WORK REQUEST: Only the lines from the start of the data below through the line that contains "Hello everyone and" are to be copied, exactly and without pictures.

RAW DATA:
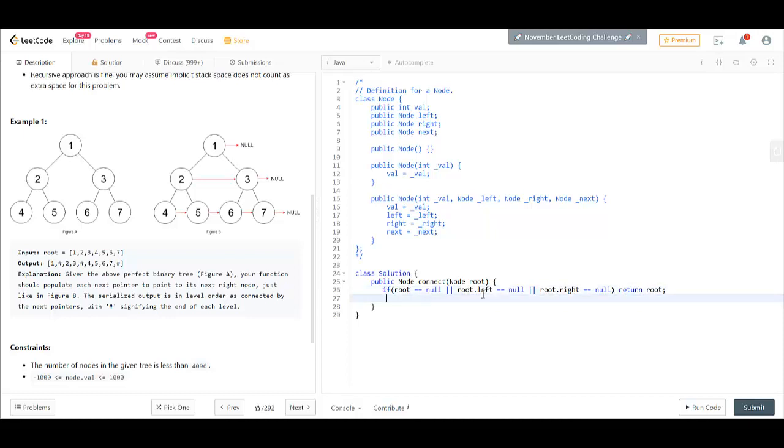Now, next we do the connection of left and right. So root.left.next becomes root.right.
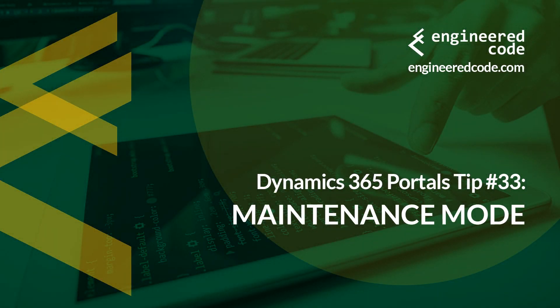Hello everyone and welcome to Dynamics 365 Portals Tips from Engineered Code. My name is Nicholas Hadouk and this is tip number 33, Maintenance Mode.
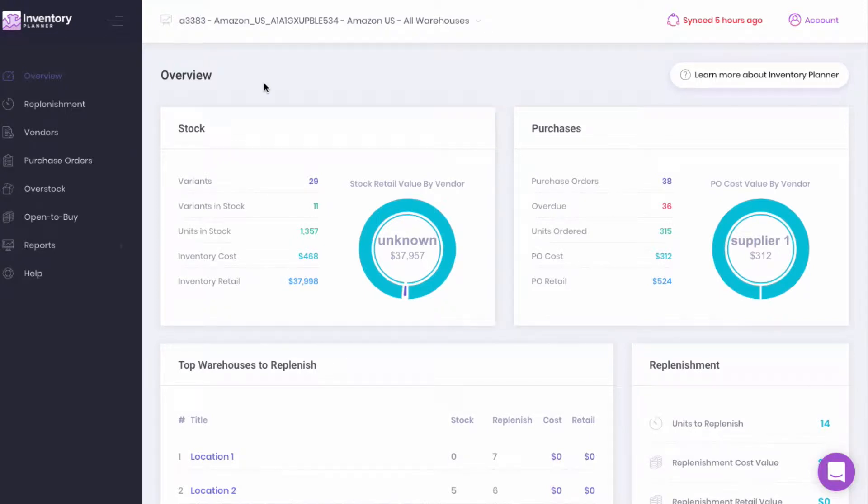If you are an Amazon seller using Inventory Planner, we're going to walk through the warehouse setup that may work best for your replenishment needs.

RESULT FOR THIS TASK:
Now, next we do the connection of left and right. So root.left.next becomes root.right.
Hello everyone and welcome to Dynamics 365 Portals Tips from Engineered Code. My name is Nicholas Hadouk and this is tip number 33, Maintenance Mode.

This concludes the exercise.